Greenie (being happy keeps me going! :roll:


----------



## Rapide561 (Oct 1, 2005)

*Hose*

Hi

Don't touch one with a barge pole is my advice.

Instead, get a 50m garden hose and cut a short length - say 10 metres foro when you are pitched near a tap and also keep the 40m on the reel for use as and when needed.

Russell


----------



## fdhadi (May 9, 2005)

There painfull :x


----------



## maggielou (Mar 25, 2008)

Thanks guys, you just saved me £20 plus postage. Brilliant


----------



## DABurleigh (May 9, 2005)

Food grade flat hoses on a cassette are GREAT!
Food grade flat hoses on a cassette are A NIGHTMARE!

They do leak on the edges after a while, but food grade is food grade and compact is compact - after 3 years I bought another.

To tell which one to get and which one to avoid:
http://www.motorhomefacts.com/ftopicp-503636.html#503636

Yes, the food grade ones have to be unrolled completely; not a problem at all with the right one! Very quick.

Dave


----------



## 109334 (Jan 20, 2008)

we have just bought a blue flat hose 20m from outdoor bits used it yesterday for the first time,you do have to unroll it all out and it only just goes back on reel when you have finished,it seems ok but only time and a lot of use will tell....


----------



## Mikemoss (Sep 5, 2005)

Ours is three years old and still in perfect nick - no problems at all (but you do hae to unroll it completely every time, and make take care rolling it back up again.

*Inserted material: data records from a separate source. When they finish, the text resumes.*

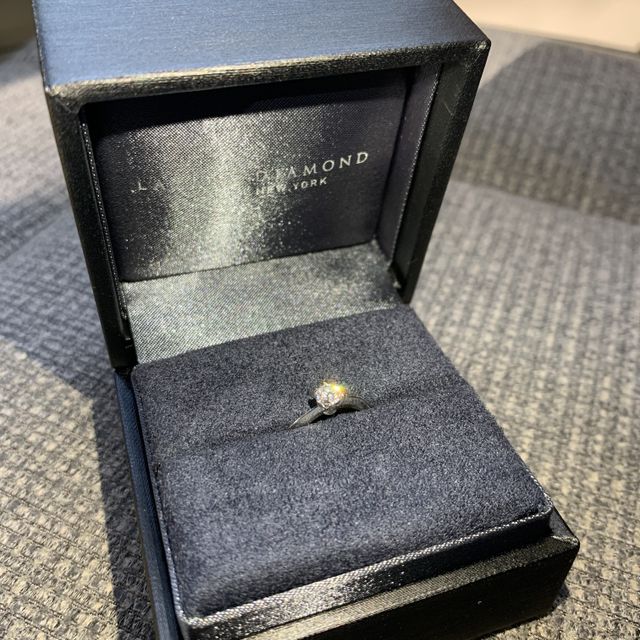 【ラザール ダイヤモンド(LAZARE DIAMOND)の口コミ】 プロポーズの際にダイヤだけ渡してもらって、後日彼と一緒に店舗に行き指…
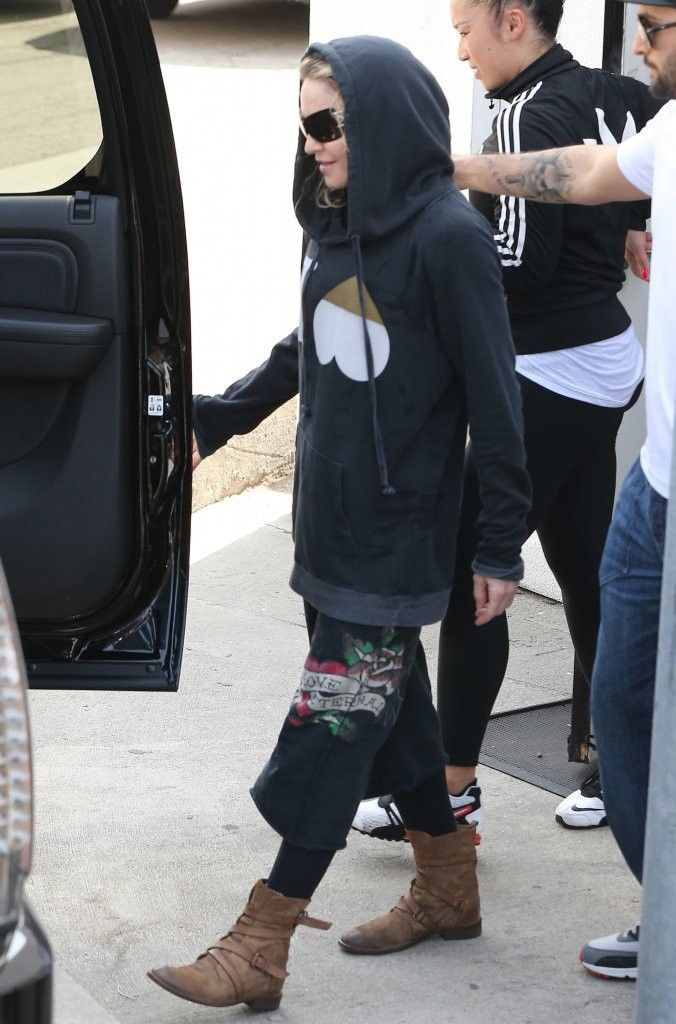 20140419-pictures-madonna-out-and-about-los-angeles-05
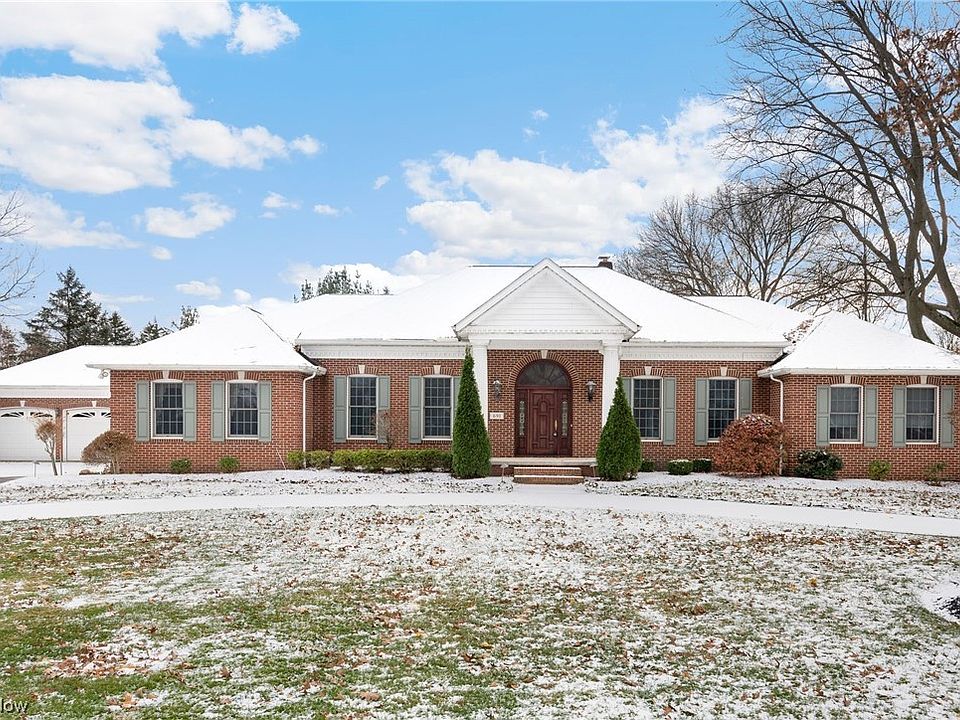 691 Overbrook Rd, Elyria, OH 44035 Zillow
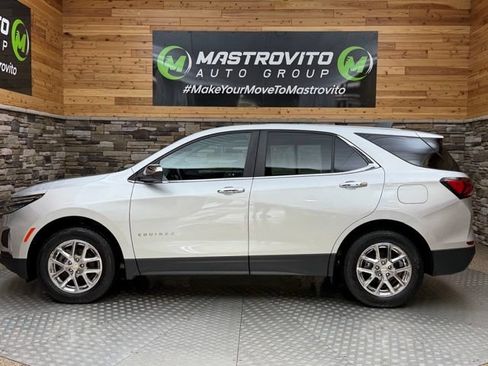 Used 2022 Chevrolet Equinox LT AWD/4WD image 4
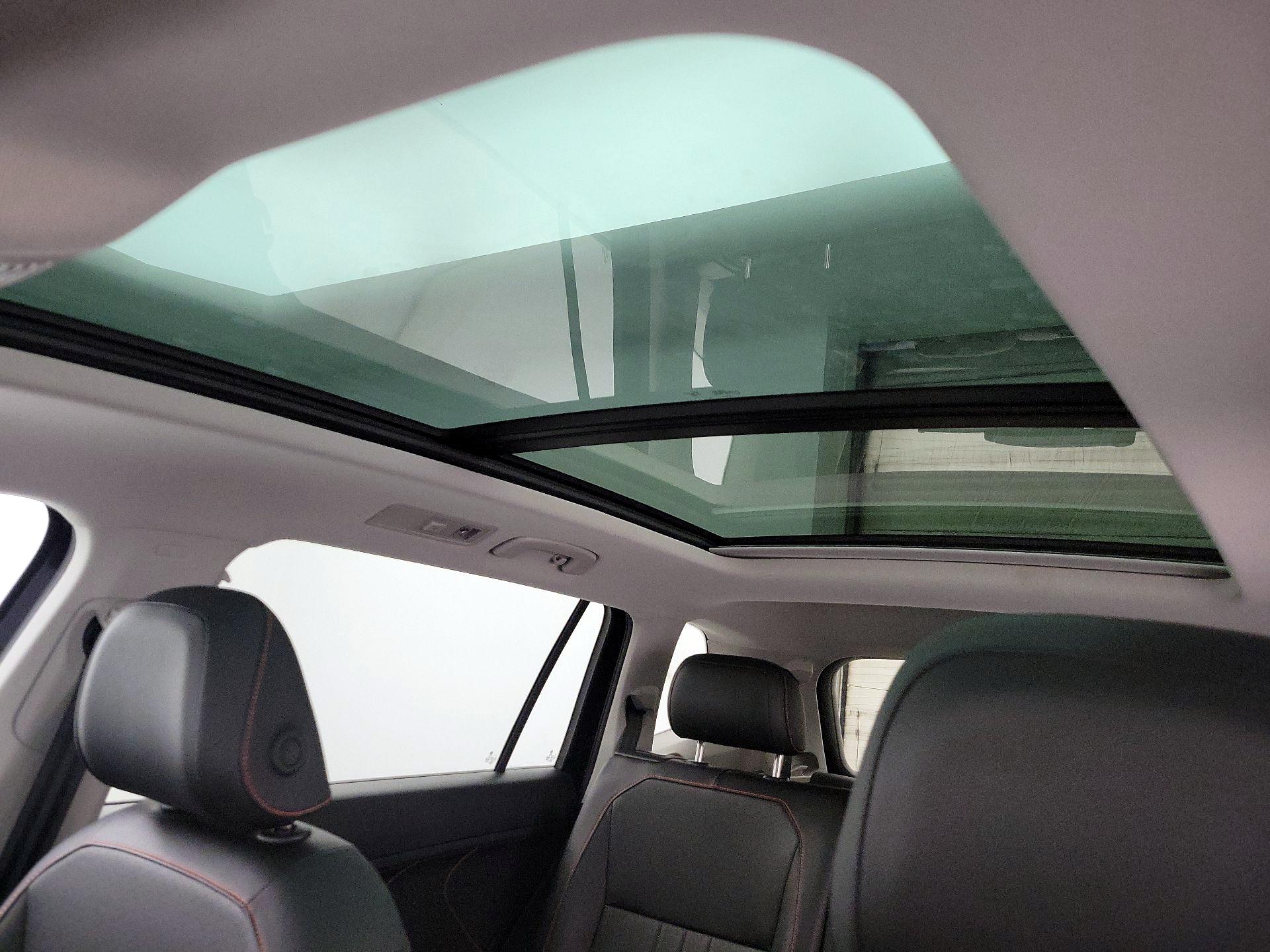 Thumbnail: 2024 Volkswagen Tiguan - 19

Wouldn't be without it. It is a food grade one, and I bought it from Brownhills in Swindon.


----------



## maddie (Jan 4, 2006)

Hi I have one of these--not food grade but no probs after 4 yrs and you can wind as much in or out as you like--they are quite big 
terry

http://cgi.ebay.co.uk/50ft-ROLL-FLAT-HOSE-PIPE-FREE-SPRAY-GUN-BOXED-NEW_W0QQitemZ380085854210QQcmdZViewItemQQptZUK_Home_Garden_GardenEquipment_HandTools_SM?hash=item380085854210&_trksid=p3286.c0.m14&_trkparms=72%3A1296|66%3A2|65%3A12|39%3A1|240%3A1318 :lol:


----------



## 38Rover (Nov 9, 2006)

I managed to find in MAKRO in Malaga a 15m cassette hose which you just pull out the required length to use then roll back up works fine.
It consists of 3 small plastic pipe joined to make 1 flat pipe.I think i paid about 15 euros at the time about 2 years ago.
Colin Frier


----------



## 96706 (Nov 13, 2005)

maddie said:


> Hi I have one of these--not food grade but no probs after 4 yrs and you can wind as much in or out as you like--they are quite big
> terry
> 
> http://cgi.ebay.co.uk/50ft-ROLL-FLAT-HOSE-PIPE-FREE-SPRAY-GUN-BOXED-NEW_W0QQitemZ380085854210QQcmdZViewItemQQptZUK_Home_Garden_GardenEquipment_HandTools_SM?hash=item380085854210&_trksid=p3286.c0.m14&_trkparms=72%3A1296|66%3A2|65%3A12|39%3A1|240%3A1318 :lol:


If it's not fully unwound for use, how do you make sure there's no water left in the pipe when you store it away? Surely if the hose is flat on the cassette no water will pass along the hose anyway!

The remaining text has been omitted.